[erlang-questions] style question - best way to test multiple non-guard conditions sequentially
Richard A. O'Keefe
ok@REDACTED
Thu Jun 20 04:15:23 CEST 2013
On 20/06/2013, at 6:23 AM, Jonathan Leivent wrote:
> Suppose one has multiple conditions that are not guards that need to be tested sequentially (meaning, only test condition N+1 after condition N tests false) in a function.
Ah hah! You want the long-ago-proposed 'cond' form.
pick([{Test,Act}|Rest]) ->
case Test()
of true -> Act()
; false -> f(Rest)
end.
> fun(...) ->
> C1 = cond1(...),
> C2 = C1 orelse cond2(...),
> C3 = C2 orelse cond3(...),
> if C1 -> ...;
> C2 -> ...;
> C3 -> ...;
> true -> ...
> end.
fun(...) ->
pick([
{fun () -> cond1... end,
fun () -> action1... end},
{fun () -> cond2... end,
fun () -> action2... end},
{fun () -> cond3... end,
fun () -> action3... end},
{fun () -> true end,
fun () -> action4... end}).
Choose your own name for this.
However, I cannot help feeling that in each specific instance
of this there would be something better to write instead.
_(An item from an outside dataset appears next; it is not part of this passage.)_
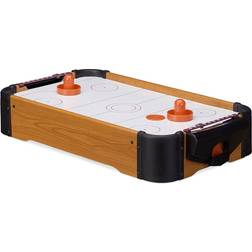 Relaxdays Air Hockey Mesa Portátil Madera-Plèstico Marrón 10 x 31 x 56 cm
So
how about showing us a real example?
>
> I guess this also implies the question: why does Erlang require the conditions in an if statement to be guards?
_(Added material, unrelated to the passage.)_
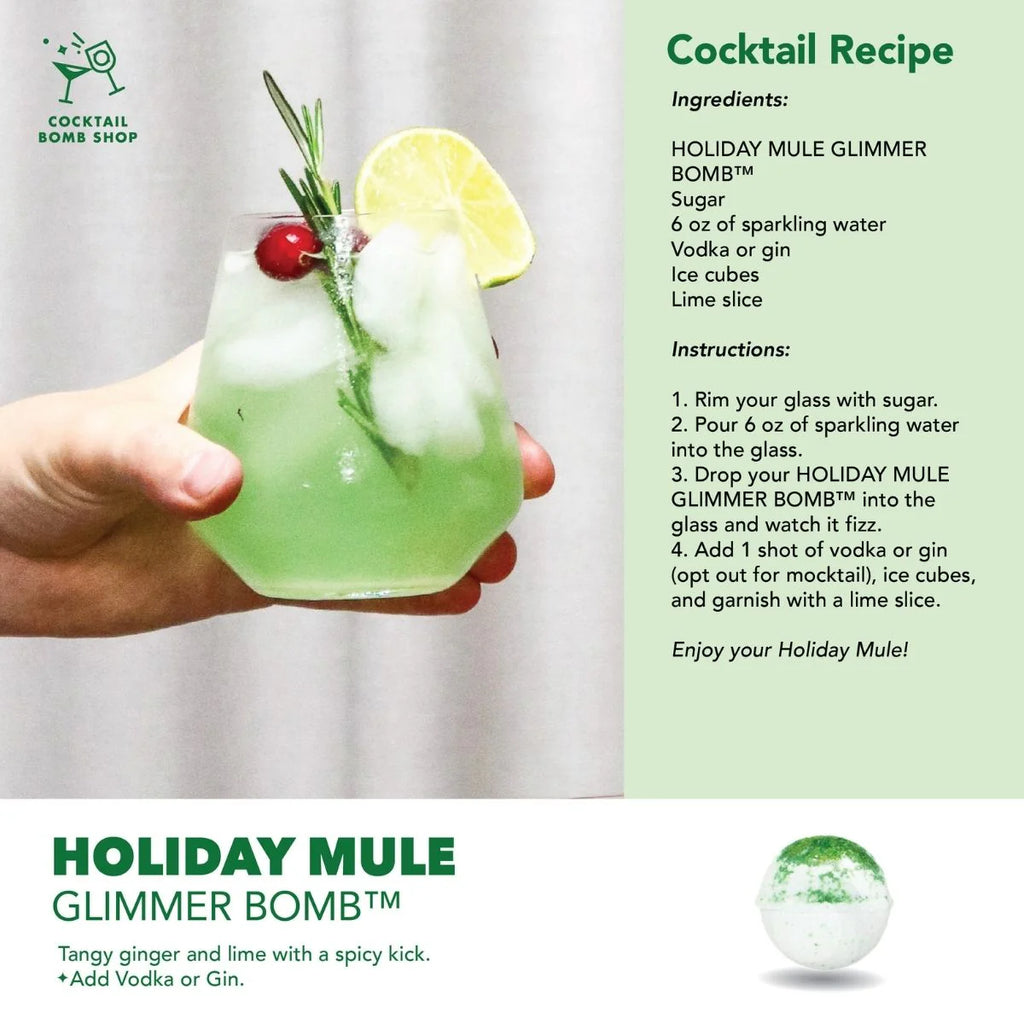 Cocktail Bombs- Holiday Mule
Because back when Erlang was invented, there were no conditions that
were not guard tests *only*. For example, X > Y was not an expression.
There were no andalso or orelse.
Ah, the good old days, before Erlang tried to turn into something else
but got stuck half way.
I really must finish writing up the '-guard' declaration EEP.